Searching in Malcat

As an hexadecimal editor, Malcat encourages you to explore files, and searching for patterns is a big part of exploration. Malcat allows to search for several types of items, in both the current file and in a set of local files.

Searching in current file

You can initiate a search inside the current file at any time in Malcat using either the keyboard shortcut Ctrl+F or menus. After a very short time, search results will be listed under the Search results entry of the data tab (left panel). Malcat will also jump to the first result and change the current view if need.

The total number of matches will reported in the status bar. If you are inside either the Hexadecimal view or the Structure/text view, matching patterns will be highlighted, provided you have the matching highlight enabled (cf. Highlighting). To navigate through all search hits, you can use the following shortcuts:

Shortcut

Action

Ctrl+N

Goto next search result

Ctrl+Shift+N

Goto previous search result

Ctrl+F

Start a new search

We list below all the ways you can initiate a search under Malcat.

Searching for selected bytes

Sometimes, you stumble on an interesting pattern and you just want to find more of the same. This is really easy: after Selecting what you want to search, just use the selection context menu: RightClick ‣ Search in current file. The selected pattern will be immediately searched across the current file.

../_images/search1.png

Searching for all occurences of the selected pattern inside the current file

Note that Excluding bytes from selection works: excluded bytes will be replaced by wild cards in the search pattern.

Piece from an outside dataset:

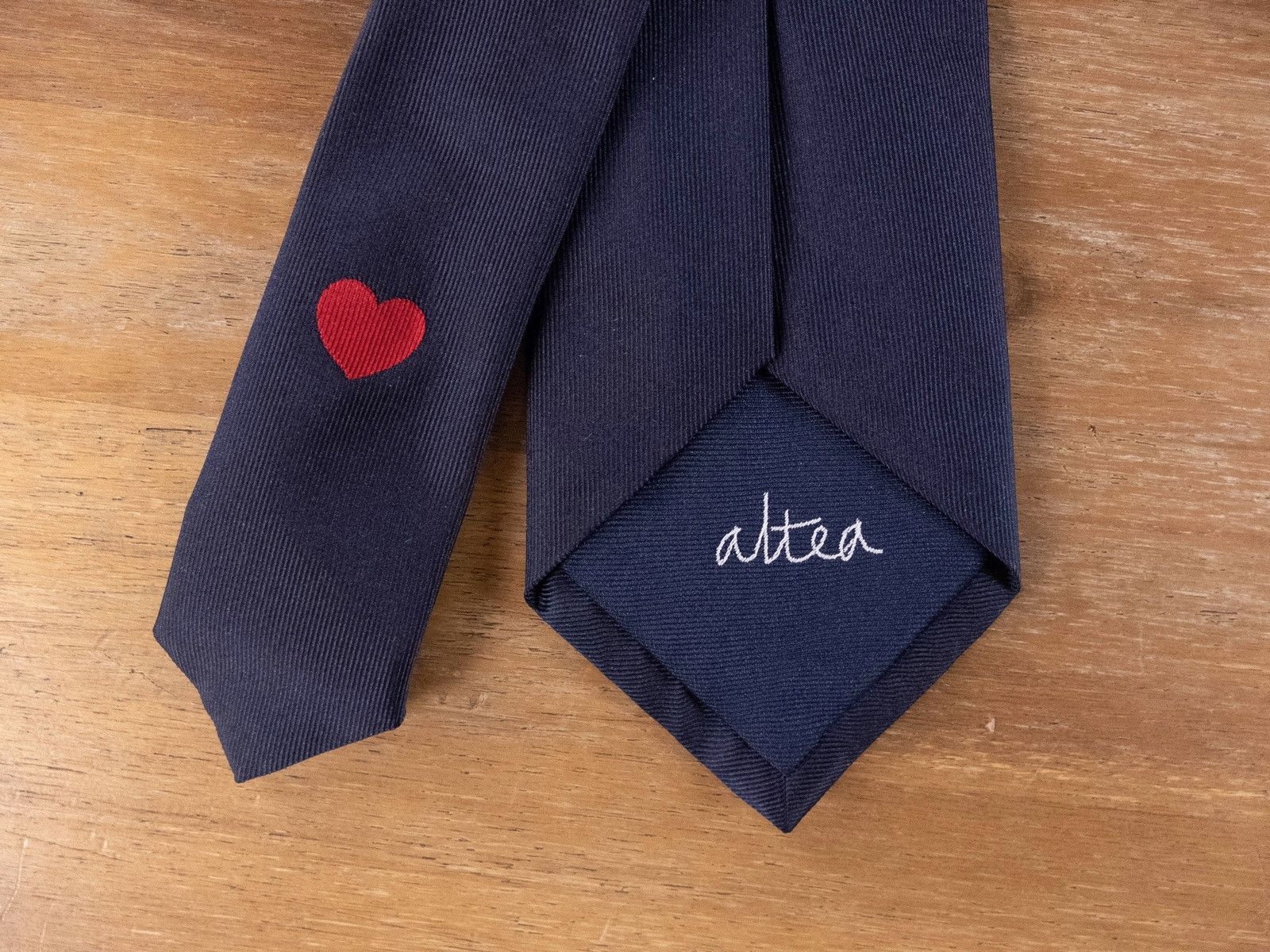 Altea ALTEA Milano heart silk navy blue tie / socks gift box Size ONE SIZE - 7 Thumbnail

Searching for arbitrary bytes

If you open the search dialog (Ctrl+F) and chose Raw bytes, you will be able to search for an arbitrary byte sequence inside the current file. In the text box, you have to enter bytes in their hexadecimal representation. You can wild card any number of nibbles using the symbol ?. Hit OK and you’re good to go.

../_images/find_bytes.png

Searching for a bytes sequence

Searching for text

In the same vein, you can search for any characters sequence by choosing the Text category of the search dialog. The text mode displays additional options:

  • Ascii string: search for the ascii representation of the given text

  • Utf8 string: search for the utf-8 representation of the given text

  • Utf16 string: search for the utf-16le representation of the given text

  • Case sensitive: Search is case sensitive

  • Only referenced strings: Search hits which have no incoming references are discarded

Note that you may enter unicode characters in the search field, just make sure to uncheck Ascii string in this case.

../_images/find_text.png

Searching for text using Malcat

Searching for numbers

The search dialog also has a number search tab. There you can enter any number you are looking for, and select the number encoding options: endianeness, width, etc.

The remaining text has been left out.